Lesson 2 - Summarizing Data: Measures of Central Tendency and Measures of Variability, Box Plot

We will first talk about the important concepts of statistical inference. Then a few descriptive measures of the most important characteristic of a data set, central tendency, will be given. After that, a few descriptive measures of the other important characteristic of a data set, measure of variability, will be discussed. This lesson will be concluded by a discussion of box plots, which are simple graphs that show the central location, variability, symmetry, and outliers very clearly.

Lesson 2 Objectives

Upon successful completion of this lesson, you will be able to:

  • conceptualize statistical inference.
  • use appropriate summary measures to describe different data sets.
  • construct and use box plot.

Introduction to Lesson 2
by Course Author Dr. Mosuk Chow - (length 2:30)

[Summary Transcript]

Lesson 2.1 - Data Description: Measures of Central Tendency and Skewness

Unit Summary

  • Measures of Central Tendency
    • Mean
    • Median
    • Mode
    • Trimmed Mean
  • Skewness

reading assignmentReading Assignment
An Introduction to Statistical Methods and Data Analysis, chapter 3.4. (Skip group data median and group data mean.)

 

Measures of Central Tendency

Three of the many ways to measure central tendency are:

1. Mean the average of the data
2. Median the middle value of the ordered data
3. Mode the value that occurs most often in the data

Examination of all members of a population is not typically conducted due to the cost and time required. Instead, we typically examine a random sample, i.e., a representative subset of the population.

subset

Descriptive measures of population are parameters. Descriptive measures of sample are statistics. For example, sample mean is a statistic and population mean is a parameter. The sample mean is usually denoted by \(\bar{y}\):

\[\bar{y}=\frac{y_1+y_2+\ldots+y_n}{n}=\frac{\sum^n_{i=1} y_i}{n}\]

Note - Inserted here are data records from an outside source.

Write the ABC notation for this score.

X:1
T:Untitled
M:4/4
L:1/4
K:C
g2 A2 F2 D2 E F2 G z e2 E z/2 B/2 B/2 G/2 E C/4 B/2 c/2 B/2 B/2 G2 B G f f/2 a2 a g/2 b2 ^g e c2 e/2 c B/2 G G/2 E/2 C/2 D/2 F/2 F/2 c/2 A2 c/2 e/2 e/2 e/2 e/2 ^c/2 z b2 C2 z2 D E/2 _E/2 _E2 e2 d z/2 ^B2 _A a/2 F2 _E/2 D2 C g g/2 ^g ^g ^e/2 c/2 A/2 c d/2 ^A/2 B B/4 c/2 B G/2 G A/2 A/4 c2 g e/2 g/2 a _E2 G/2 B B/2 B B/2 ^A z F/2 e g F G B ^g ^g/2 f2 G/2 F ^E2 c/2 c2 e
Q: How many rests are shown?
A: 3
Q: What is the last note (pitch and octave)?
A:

where n is the sample size and yi are the measurements. One may need to use the sample mean to estimate the population mean since usually only a random sample is drawn and we don't know the population mean.

Note that the data set:

1, 1, 2, 3, 13
mean = 4, median = 2, mode = 1

Mean, median and mode are usually not equal. When the data is symmetric, mean is equal to median.

4. Trimmed Mean

One shortcoming of mean: Means are easily affected by extreme values.

Aptitude test scores of ten children:

95, 78, 69, 91, 82, 76, 76, 86, 88, 80

Mean = (95+78+69+91+82+76+76+86+88+80)/10 = 82.1

If the entry 91 is mistakenly recorded as 9, the mean will be 73.9, very different from 82.1.

On the other hand, let us see the effect of the mistake on the median value:

The original data sets in increasing order are:

69, 76, 76, 78, 80, 82, 86, 88, 91, 95
median = 81

The data set (with 91 coded as 9) in increasing order is:

9, 69, 76, 76, 78, 80, 82, 86, 88, 95
median = 79

The medians of the two sets are not that different. It is not that affected by the extreme value 9.

Measures that are not that affected by extreme values are called resistant.

A variation of the mean is the trimmed mean. A 10% trimmed mean drops the highest 10%, the lowest 10%, and averages the remaining.

(69), 76, 76, 78, 80, 82, 86, 88, 91, (95)
10% trimmed mean = 82.13

(9), 69, 76, 76, 78, 80, 82, 86, 88, (95)
10% trimmed mean = 79. 38

The 10% trimmed mean of the two sets is not that different. It is not as affected by the extreme value 9 as the mean.

Review of Measures of Central Tendency
by Course Author Dr. Mosuk Chow - (length 3:55)

[Summary Transcript]

 

Skewness

Skewness is a measure of degree of asymmetry of the distribution.

1. Symmetric

Mean, median, and mode are all the same here; mound shaped, no skewness (symmetric).

The above distribution is symmetric.

2. Skewed Left

Mean to the left of the median, long tail on the left.

The above distribution is skewed to the left.

3. Skewed Right

Mean to the right of the median, long tail on the right.

The above distribution is skewed to the right.

When one has very skewed data, it is better to use the median as measure of central tendency since the median is not much affected by extreme values.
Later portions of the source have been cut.